Take the example of the double-slit experiment. We have an electron gun (the thingy in the back of your TV's picture tube) that will fire electrons at a detector screen. When an electron hits the screen, a little mark will appear on the screen to show us where the electron hits.
Between the gun and the screen we place a barrier with a slit cut in it. The electron gun begins to shoot electrons one at a time toward the screen. Some electrons hit the barrier and go no farther. Other electrons find the slit, pass through it, and arrive at the detector screen. After the gun has fired a very large number of electrons, we turn off the equipment and look at the screen.
We will see a fuzzy, blobbish pattern of electron hits, just as we expected. But let's cut two slits into our barrier and repeat the experiment. We might now expect to see two fuzzy patterns of electron hits on our screen , but that is not the case. What we see this time is that the electron hits on the screen form a distinctive wave interference pattern that looks like concentric circles. Lots of electrons have hit on the circles, and no electrons have hit between the circles.
The pattern we see looks just like what we find when we shine a beam of light between two slits. The beam of light is split into two beams. These two beams interfere with each other, because light is a wave. Where the two waves are in phase, you get bright bands. Where the waves are out of phase, you get dark bands. This is perfectly understandable if we are talking about beams of waving light.
But how can this pattern of wave interference appear on a detector screen when we were not firing beams of light, but rather, one single particle at a time?
The answer is, each particle is actually going through both slits, and it is thus "interfering with itself", giving us the interference pattern on the screen after many electron firings.
That is quantum superposition. Things are in two (or more) places at once. The electron has taken more than one path from the gun to the screen. Quantum physics forces us to say that objects take every path they can take, and they take all these different paths at the same time.
How can that be? When we look at things, we only see one thing in one place. The standard explanation from quantum physics says that,
............."When you observe the object, it stops being in many
.............in many places at once . It's "wave" collapses, and it
.............settles down to being in one position and in one state."

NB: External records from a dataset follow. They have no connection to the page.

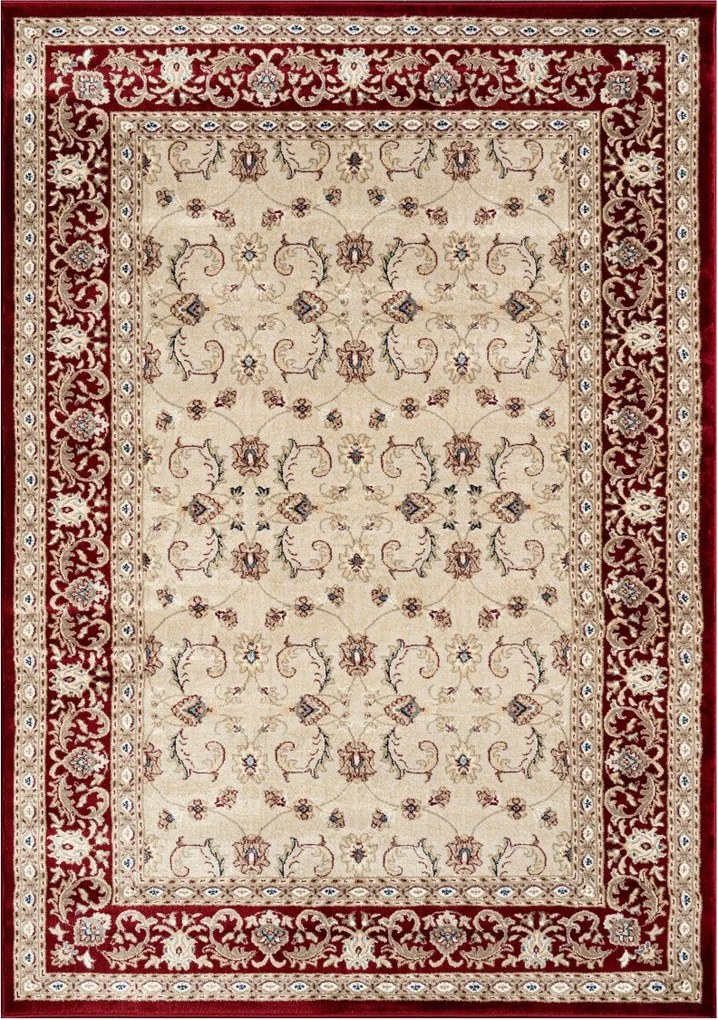 Angel Carpet, Kusový koberec Sultan 21 Red, 200x290, červená, kancelária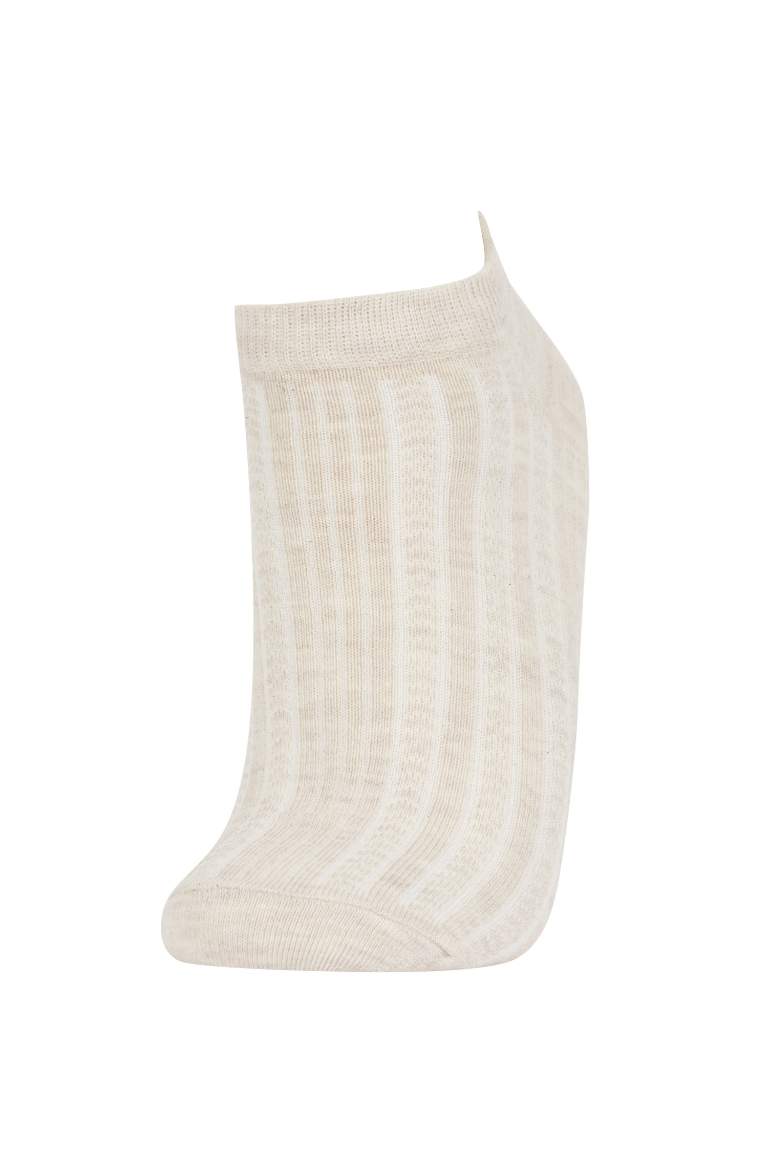 Women 5 Pack Cotton Booties Socks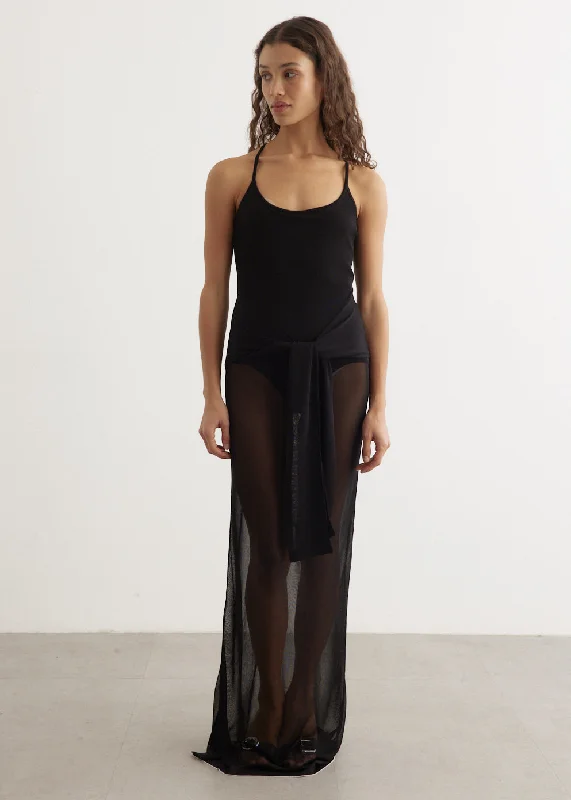 Party dress in handmade design -Maille Nodo Dress
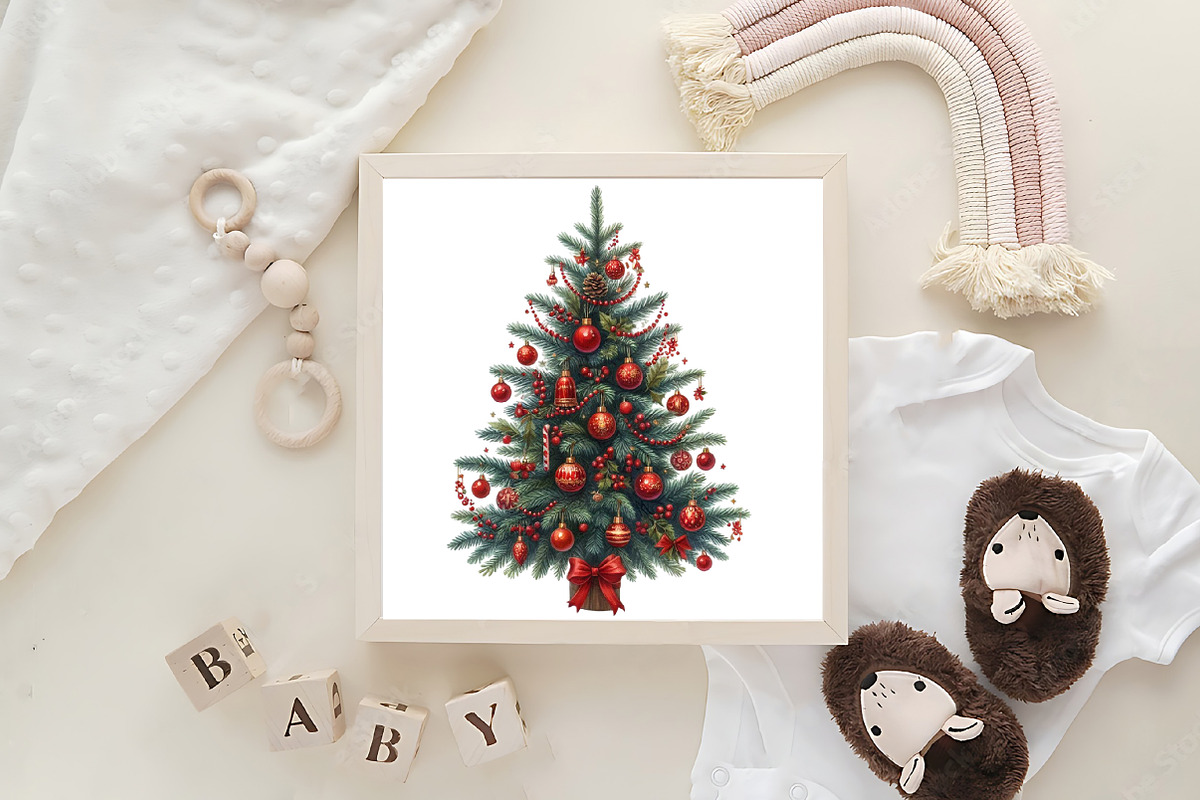 Christmas tree Png, an Illustration by Designking (Photo 4 of 4)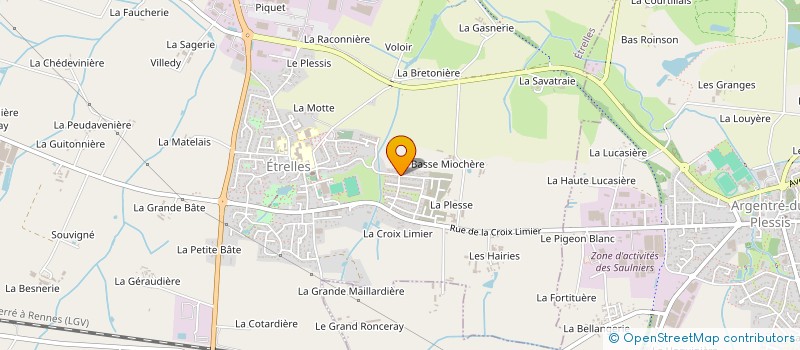 localisation de l'entreprise 902 923 820   ETRELLES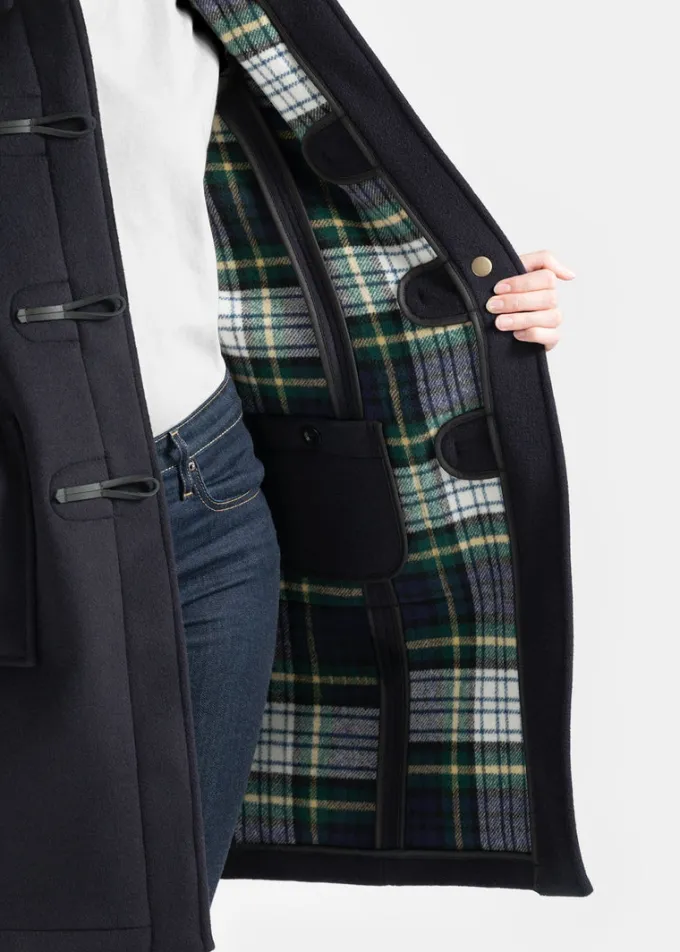 Duffle Coats*Gloverall Long Slim Fit Duffle Coat Navy Dress Gordon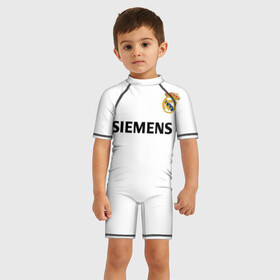 Детский купальный костюм 3D с принтом Zidane ретро в Ухте, Полиэстер 85%, Спандекс 15% | застежка на молнии на спине | champions | league | madrid | real | retro | spain | zidane | zinedine | зидан | зинедин | лига | мадрид | реал | ретро | чемпионов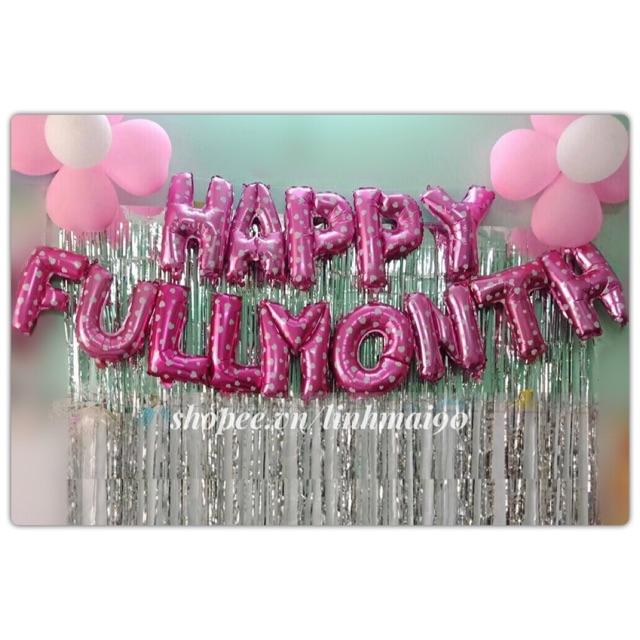 Set bóng chữ Happy Fullmonth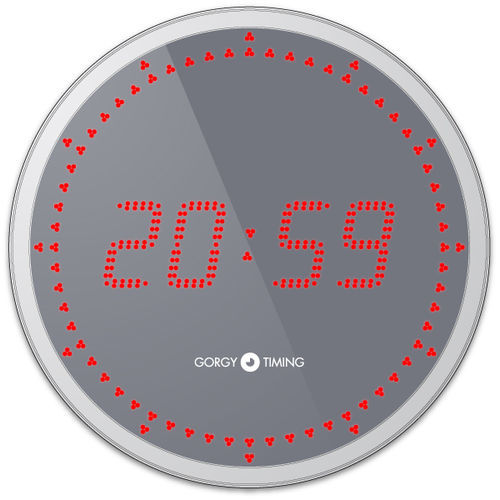 Digitaluhr - LEDI® 12.60 outdoor double face - Gorgy Timing SAS - für Gesundheitseinrichtungen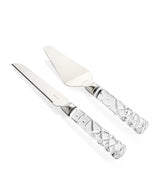 Harrods Waterford Crystal Celebrations Cake Knife and Server Set- Buy online at McGrocer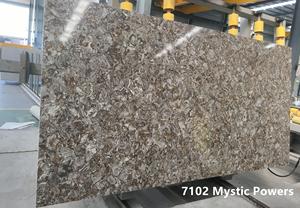 แผ่นควอตซ์เทียมดีไซน์ทันสมัย ขนาดใหญ่ กันน้ำ ทนทาน เหมาะสำหรับพื้นโรงแรม เคาน์เตอร์ครัว ใช้งานได้หลากหลาย ท็อปห้องน้ำ - Product Image 4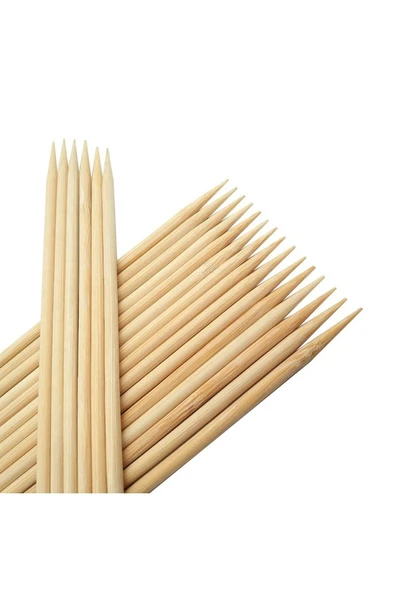 ncy Bambu Yuvarlak Ahşap Maket Çubukları 35 Cm 80 Adet 5 Mm - 2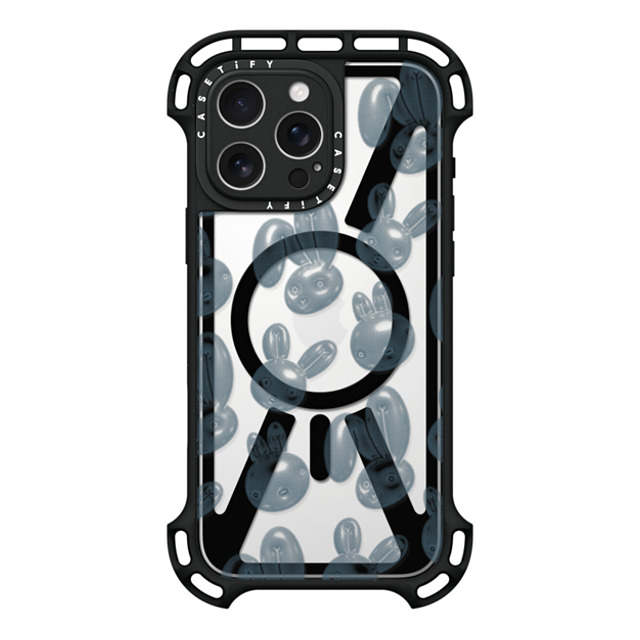 CASETiFY iPhone 16 Pro Max Case Black ウルトラ バウンスケース MagSafe対応 Pixelated Bunny casetify_artist CASETiFY iPhone 16 Pro Max Case Black ウルトラ バウンスケース MagSafe対応 Pixelated Bunny casetify_artist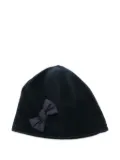Il Gufo bow-embellished beanie hat - Blue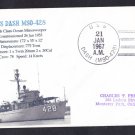USS DASH MSO-428 Naval Cover MhCachets Only 1 Made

Now, we do not think of actual objects as having this ability to be in many places at once. There is something ghostly and non-concrete about an object that can do this. In a sense, what we are saying is that when we observe an object, we are changing it from a ghost that can fuzz-out over a wide range of possibilities to a real thing with a single set of real attributes and a single real position.
In other words, when you look at it you "collapse the wave function" and make it real. This is very problematic to our common sense, isn't it? In quantum physics, this is called "the measurement problem".
Now I can get to my question:
Let's assume that all of this is correct. Objects are not "actualized" before someone observes them. Let's further assume that we, the observers, are made of particles that obey quantum rules. So the question is, how did we human observers become real if there was no one around to observe us? Who collapsed the first observer's quantum wave function so that the first observer could observe things?
If observation is required to collapse wave functions, is it proof of God that any observers exist? Somebody had to observe the whole thing into being at the beginning.
.............
Greetings, all -
I am directing this question especially to theists with at least a passing familiarity with the broad outlines of quantum mechanics. While anyone is free to join discussion, be forewarned that quantum mechanics is full of concepts that seem very strange (even absurd) when you first hear about them. Those who have not been introduced to these ideas before may be tempted to post comments like "that is just stupid" or "only a looney could believe that". I hope to minimize that sort of thing, because bringing the uninitiated up to speed would be a long and difficult discussion.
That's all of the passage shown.